**TASK**
Copy each line below exactly as it appears. Pictures are to be omitted.

**INFORMATION SHOWN**
######

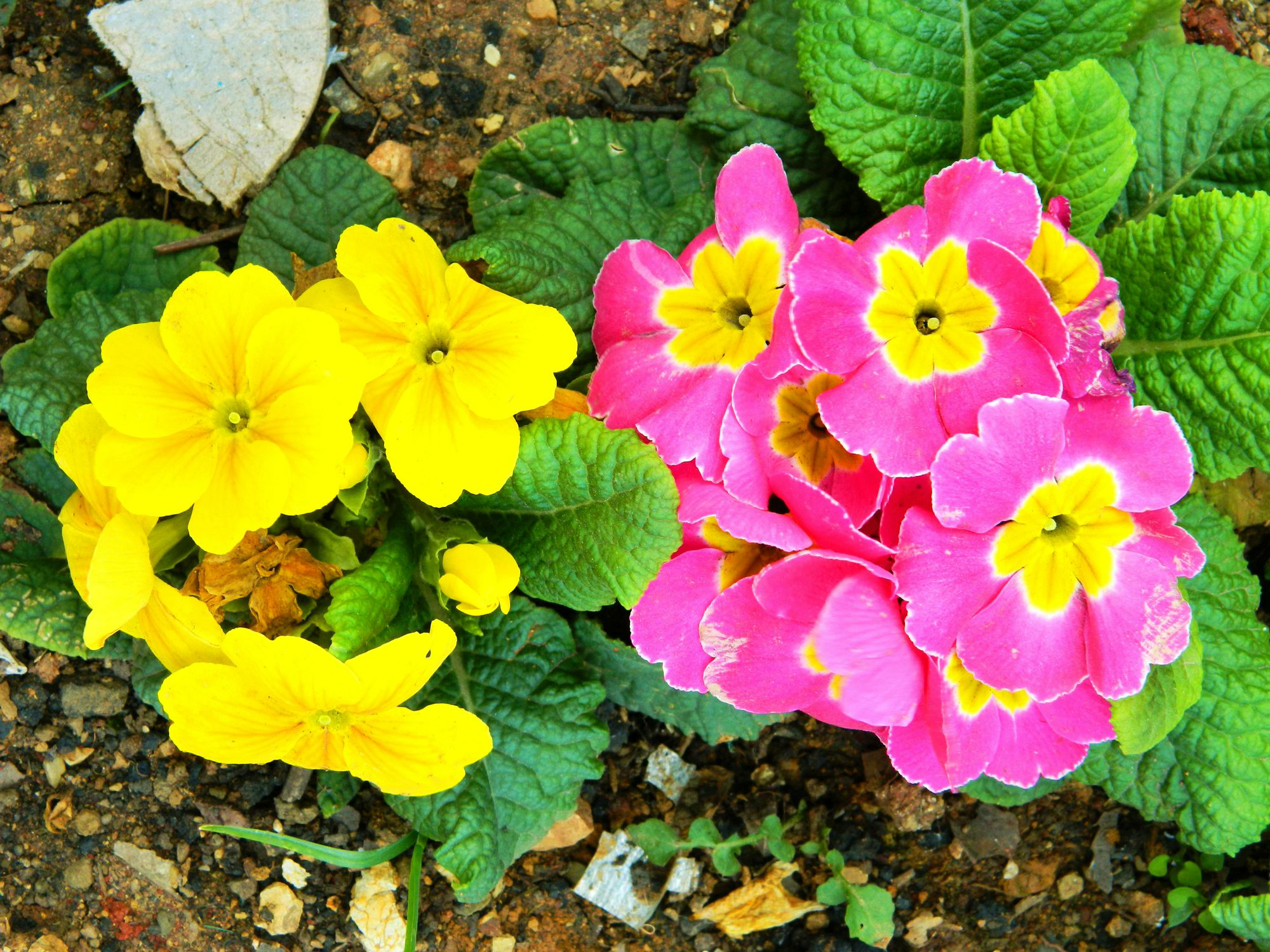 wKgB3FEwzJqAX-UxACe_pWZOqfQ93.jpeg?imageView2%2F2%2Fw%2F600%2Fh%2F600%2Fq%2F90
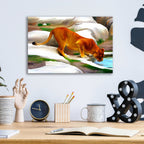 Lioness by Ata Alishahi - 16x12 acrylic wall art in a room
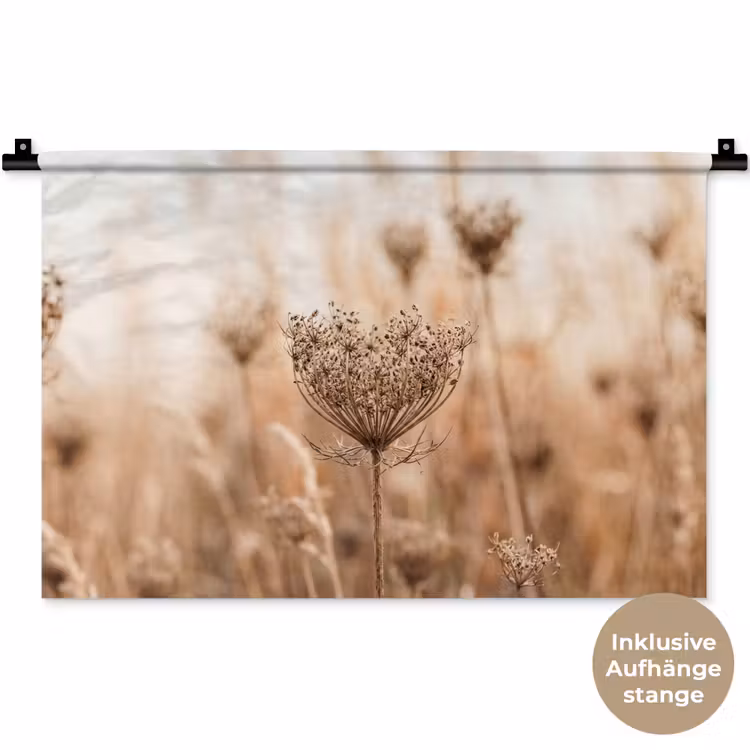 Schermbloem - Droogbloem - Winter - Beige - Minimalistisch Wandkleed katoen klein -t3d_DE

######

**SOLUTION TO THIS PROBLEM**
 wKgB3FEwzJqAX-UxACe_pWZOqfQ93.jpeg?imageView2%2F2%2Fw%2F600%2Fh%2F600%2Fq%2F90
 Lioness by Ata Alishahi - 16x12 acrylic wall art in a room
 Schermbloem - Droogbloem - Winter - Beige - Minimalistisch Wandkleed katoen klein -t3d_DE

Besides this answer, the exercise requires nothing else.